To give some background, HDF5 allows use of chunking when saving a 3D array. This means that the array is partitioned into 3D chunks, and each chunk has the same dimensions.
Collective I/O means that intermediate buffering agents are used to gather information for processes that need to access data belonging to a contiguous region of a file. The relationship between chunk dimensions and the subgrid dimensions of each process determines whether collective I/O can be used and if so whether collective I/O is per-chunk or trans-chunk.

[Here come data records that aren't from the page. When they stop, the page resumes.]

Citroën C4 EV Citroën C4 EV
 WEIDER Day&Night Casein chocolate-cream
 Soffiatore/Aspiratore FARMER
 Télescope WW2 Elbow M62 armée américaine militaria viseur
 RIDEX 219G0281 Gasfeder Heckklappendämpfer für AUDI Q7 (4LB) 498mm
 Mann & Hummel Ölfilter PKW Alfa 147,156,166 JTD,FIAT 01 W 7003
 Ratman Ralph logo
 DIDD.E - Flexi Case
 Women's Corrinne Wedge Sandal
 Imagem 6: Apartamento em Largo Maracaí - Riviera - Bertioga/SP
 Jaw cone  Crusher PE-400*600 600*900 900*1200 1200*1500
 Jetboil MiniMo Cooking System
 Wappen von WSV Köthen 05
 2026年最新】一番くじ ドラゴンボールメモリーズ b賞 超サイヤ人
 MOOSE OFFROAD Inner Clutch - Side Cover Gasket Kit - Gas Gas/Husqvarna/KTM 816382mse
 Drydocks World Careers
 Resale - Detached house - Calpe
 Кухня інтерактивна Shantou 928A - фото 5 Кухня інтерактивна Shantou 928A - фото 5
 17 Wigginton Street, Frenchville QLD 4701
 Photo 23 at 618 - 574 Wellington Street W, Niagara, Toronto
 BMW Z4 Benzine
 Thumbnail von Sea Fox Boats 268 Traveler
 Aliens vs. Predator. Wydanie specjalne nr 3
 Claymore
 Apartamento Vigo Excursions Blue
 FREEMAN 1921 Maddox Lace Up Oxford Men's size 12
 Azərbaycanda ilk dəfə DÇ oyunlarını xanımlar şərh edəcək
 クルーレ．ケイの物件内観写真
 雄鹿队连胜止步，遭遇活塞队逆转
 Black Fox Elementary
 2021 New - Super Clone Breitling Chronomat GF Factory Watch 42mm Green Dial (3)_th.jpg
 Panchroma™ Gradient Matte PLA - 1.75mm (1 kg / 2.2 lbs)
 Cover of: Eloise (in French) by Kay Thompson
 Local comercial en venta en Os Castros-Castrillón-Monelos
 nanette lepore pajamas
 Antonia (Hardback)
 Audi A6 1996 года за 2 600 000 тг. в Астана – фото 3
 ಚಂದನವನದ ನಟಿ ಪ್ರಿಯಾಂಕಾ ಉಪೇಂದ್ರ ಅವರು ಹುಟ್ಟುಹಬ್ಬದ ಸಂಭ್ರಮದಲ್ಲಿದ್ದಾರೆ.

In the current implementation of parallel HDF5, collective I/O is not used when processes are cooperating to write a single array even if collective I/O is requested unless one of the following two requirements is met: the first requirement is that the portion of the array data written by each process must be contained in a single chunk. In which case the data for each chunk is collected and written independently. The documentation of the second case is less clear to me, but it seems that each chunk must be contained in the portion of data written by a single process and thath the number of chunks must be the same for all processes. In this case, I believe that collective I/O is trans-chunk and that multiple chunks are collected and written. If neither of these two cases holds, then in the current implementation of parallel HDF5 it defaults to independent I/O, where each process writes its output independently without any intermediate buffering to prevent contention for write access. See the official page for parallel HDF5 documentation, in particular the parallel HDF5 hints. Supposedly one can use H5Pset_dxpl_mpio_chunk_opt() to specify the mode of collective I/O (linked-chunk or multi-chunk), but the documentation is opaque about the restrictions on the basis of which this specification is accepted.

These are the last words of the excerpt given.